Dr. Jonathan Friedman, Professor of History and Director of Holocaust and Genocide Studies at West Chester University, will discuss the portrayal of the Holocaust in feature films during a lecture at Mercer County Community College
April 18. |
WEST WINDSOR – The portrayal of the Holocaust in recent feature films – and the emergence of some problematic trends – is the topic of an upcoming lecture at Mercer County Community College (MCCC).
“The Holocaust in Recent Feature Films: Problematic Trends and Themes” is the title of a lecture by Dr. Jonathan C. Friedman, Professor of History and Director of Holocaust and Genocide Studies at West Chester University, which will be delivered on Wednesday, April 18, at noon in the Communications Building, Room 109. His talk is part of MCCC’s spring 2018 Distinguished Lecture Series at the West Windsor Campus, 1200 Old Trenton Road. The lecture is free and open to the public.
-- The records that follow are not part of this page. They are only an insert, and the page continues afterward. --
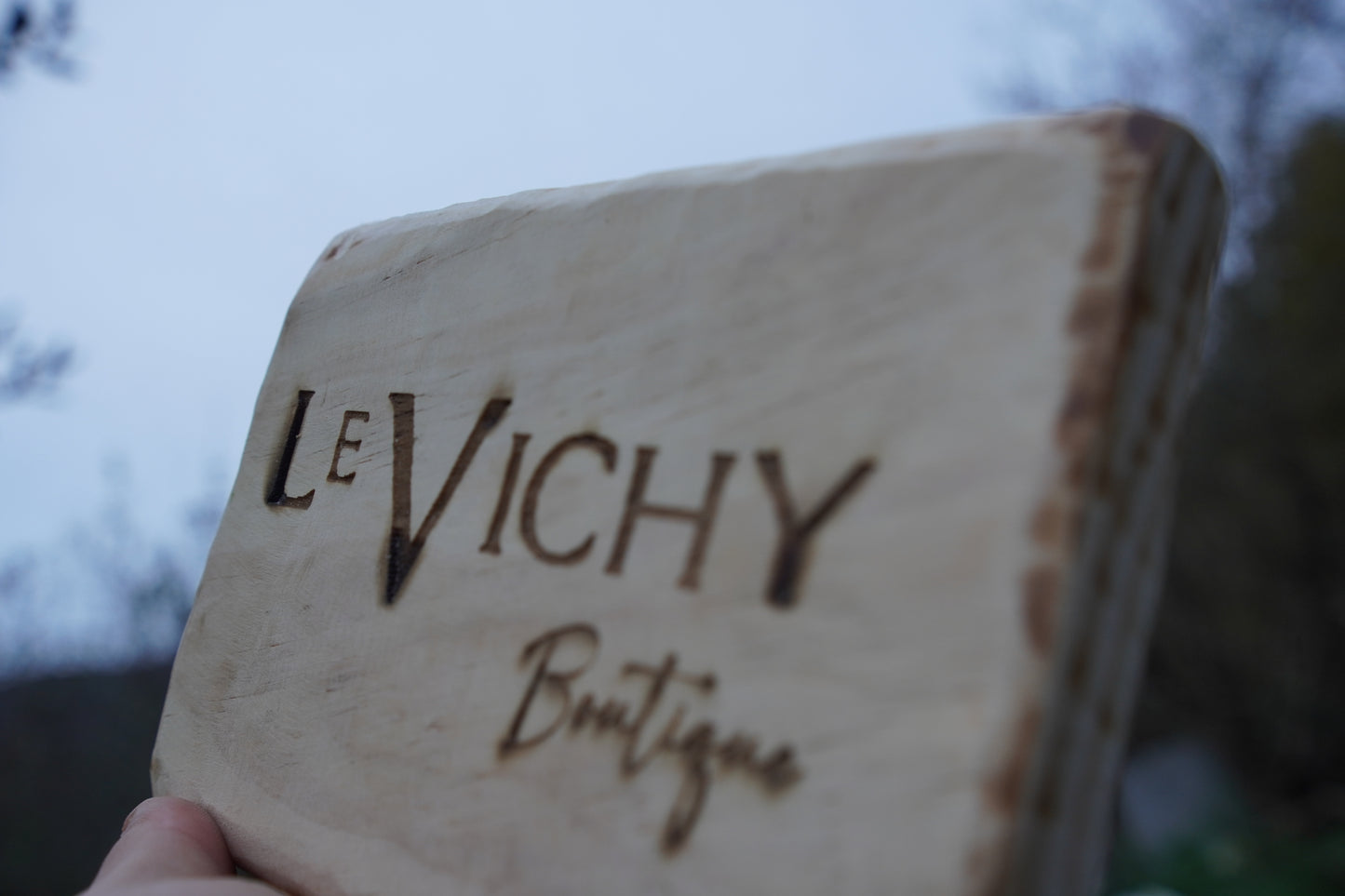 Placa letrero personalizado en madera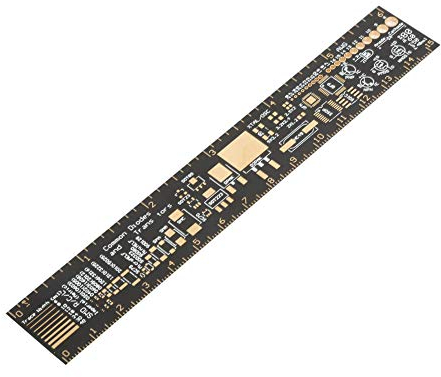 Leiterplatten-Lineal, 6 Zoll 15 Cm, Multifunktionales Leiterplatten-Lineal, Messwerkzeug Für Elektronikingenieure, Hersteller, Messwerkzeug, Elektronisch
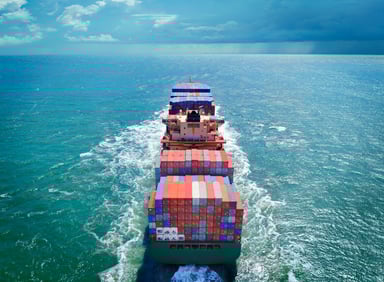freight ship with cargo containers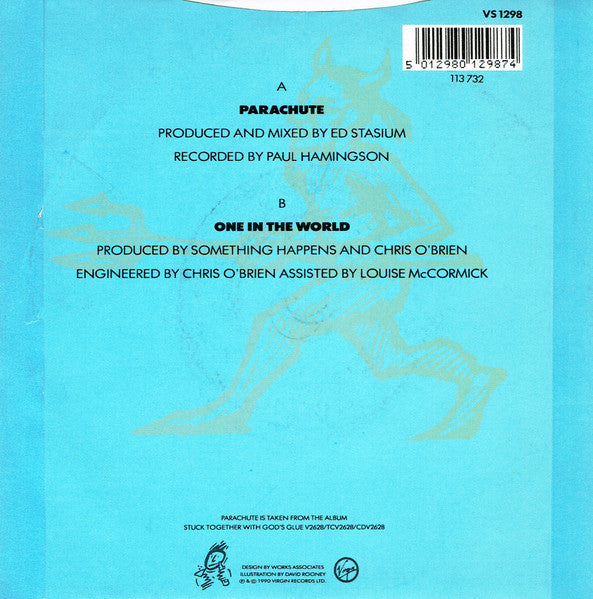 Something Happens : Parachute (7", Single, sil)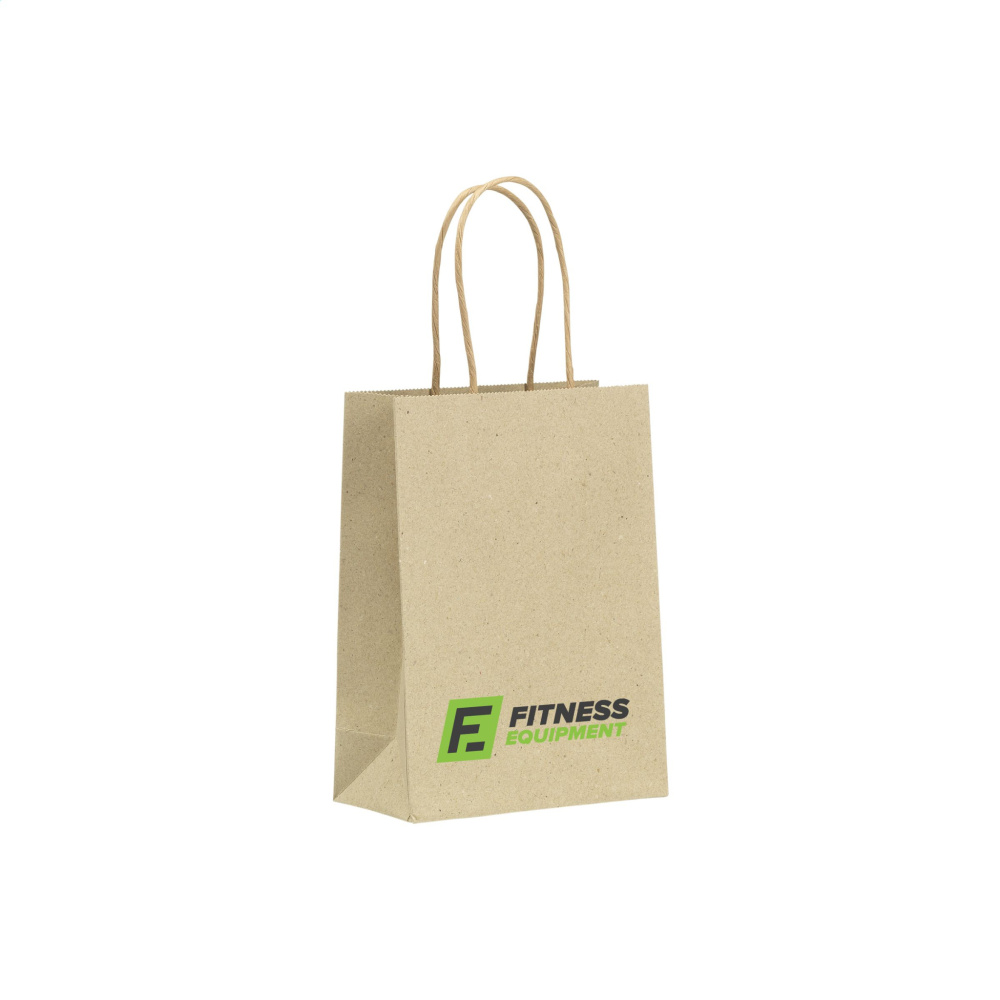 Logotrade corporate gifts photo of: Leaf It Bag recycled grass paper (120 g/m²) S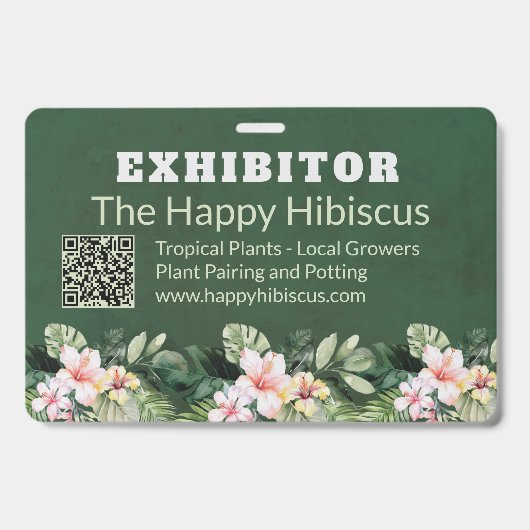 Custom Floral Business  Badge (Voorzijde)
Friedman will discuss the representation of the Holocaust in recent films, focusing on three problematic trends: the reversal of perpetrator and victim archetypes, conflation of comedy and drama, and the use of the Holocaust as a surrogate for nationalist narratives.
Friedman has served as historian at the United States Memorial Holocaust Museum in Washington, D.C., and Survivors of the Shoah visual History Foundation in Los Angeles. His first book, The Lion and the Star: Gentile-Jewish Relations in Three Hessian Communities, 1919-1945, was declared one of 1988’s outstanding academic books. His most recent publications include Rainbow Jews: Gay and Jewish Identity in the Performing Arts, Performing Difference: Representation of the ‘Other’ in Film and Theatre, and The History of the Holocaust.
Friedman received his B.A. in History from Kent State University and his M.A. and Ph.D. degrees from the University of Maryland, College Park.